K-Means Notes
Table of Content
1, Objective Function
Given dataset \(X = \{ x_1, x_2, \ldots, x_N\}\) and \(x_i \in \mathbb{R}^n\), the objective function is:
\[\begin{gather*} J = \sum^K_{i=1} \sum_{x \in C_i} \| x - \mu_i \|^2 = \text{arg}\min\limits_{C_i} \sum^K_{i=1} | C_i | \text{Var}_{C_i} \quad \end{gather*}\]
Where:
- \(K\) is the number of clusters.
- \(x \in X\) is a data point in \(X\).
- \(C_i\) is the set of data points in the \(i\)-th cluster.
- \(\mu_i\) is the centroid of the \(i\)-th cluster.

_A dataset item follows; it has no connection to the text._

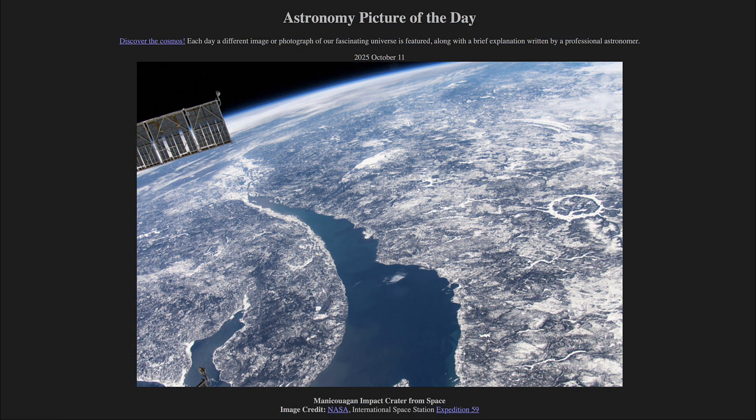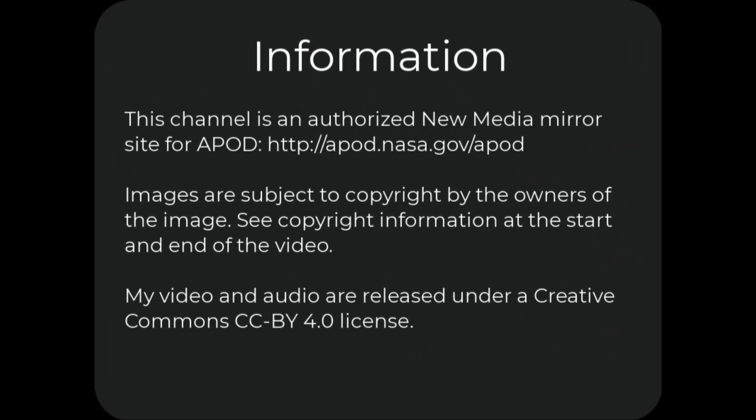That was our picture of the day for October 11th of 2025, titled Manicouagan Impact Crater from Space. We'll be back again tomorrow for the next picture, previewed to be Water World. So we'll see what that is about tomorrow. Until then, have a great day everyone, and I will see you in class.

Note that the objective function is non-increasing, thus guarantees to converge to a local maximum.
2, Algorithm Steps
- Step 1 - Initialization: Randomly initializes \(k\) centroids: \(\{ \mu_1, \mu_2 , \ldots ,\mu_k \}\).
- Step 2 - Assignment: Assign data points to the closest centroid (by Euclidean distance):
\[\begin{gather*} C_i = \{ x_j : \|x_j - \mu_i \|^2 \leq \|x_j - \mu_l \|^2, \forall l = 1, 2, \ldots , k \} \quad \end{gather*}\]
- Step 3 - Update Centroids: Shift the centroids to accommodate for the assigned points:
\[\begin{gather*} \mu_i = \frac{1}{|C_i|} \sum_{x \in C_i} x \end{gather*}\]
- Step 4 - Convergence Check: Repeat step 3 and 4 until convergence with predefined tolerance \(\epsilon\):
\[\begin{gather*} \Delta J = J_{\text{new}} - J < \epsilon \end{gather*}\]
Extra: Relation to Cosine Similarity
Given Cosine Similarity between two vectors \(u\) and \(v\):
\[\begin{gather*} S_c (u, v) = \cos(\theta) = \frac{\sum u_i v_i}{\sqrt{\sum u_i^2 \sum v_i^2}} \end{gather*}\]
Note that for normalized vectors (ie. \(\sum u_i^2 = \sum v_i^2 = 1\)), Cosine Similarity is simply the dot product \(u v\).
The relationship between the Cosine Similarity and Euclidean Distance (for normalized vectors) is as follows:
\[\begin{align} & \| u - v \|^2 = \sum (u_i - v_i)^2 = \sum (u_i^2 + v_i^2 - 2u_i v_i) \quad \\[5pt] & \qquad \qquad = \sum u_i^2 + \sum v_i^2 - 2 \sum u_i v_i \quad \\[5pt] & \qquad \qquad = 1 + 1 - 2 \cos(\theta) = 2(1 - \cos(\theta)) \quad \end{align}\]
Substituting back to the objective function, we get:
\[\begin{gather*} J_{\text{cos}} = \sum^K_{i=1} \sum_{x \in C_i} (1-\cos(x, \mu_i)) \quad \end{gather*}\]
So minimizing the Euclidean distance in \(J\) is the same as maximizing the Cosine Similarity in \(J_{\text{cos}}\). Thus our objective function holds (for normalized vectors).
The assignment step becomes:
\[\begin{gather*} C_i = \{ x_j : \cos(x_j, u_i) \geq \cos(x_j, u_l), \forall l = 1, 2, \ldots , k \} \quad \end{gather*}\]
And the centroid update step becomes:
\[\begin{gather*} \mu_i = \frac{\sum_{x \in C_i} x}{\| \sum_{x \in C_i} x \|} \end{gather*}\]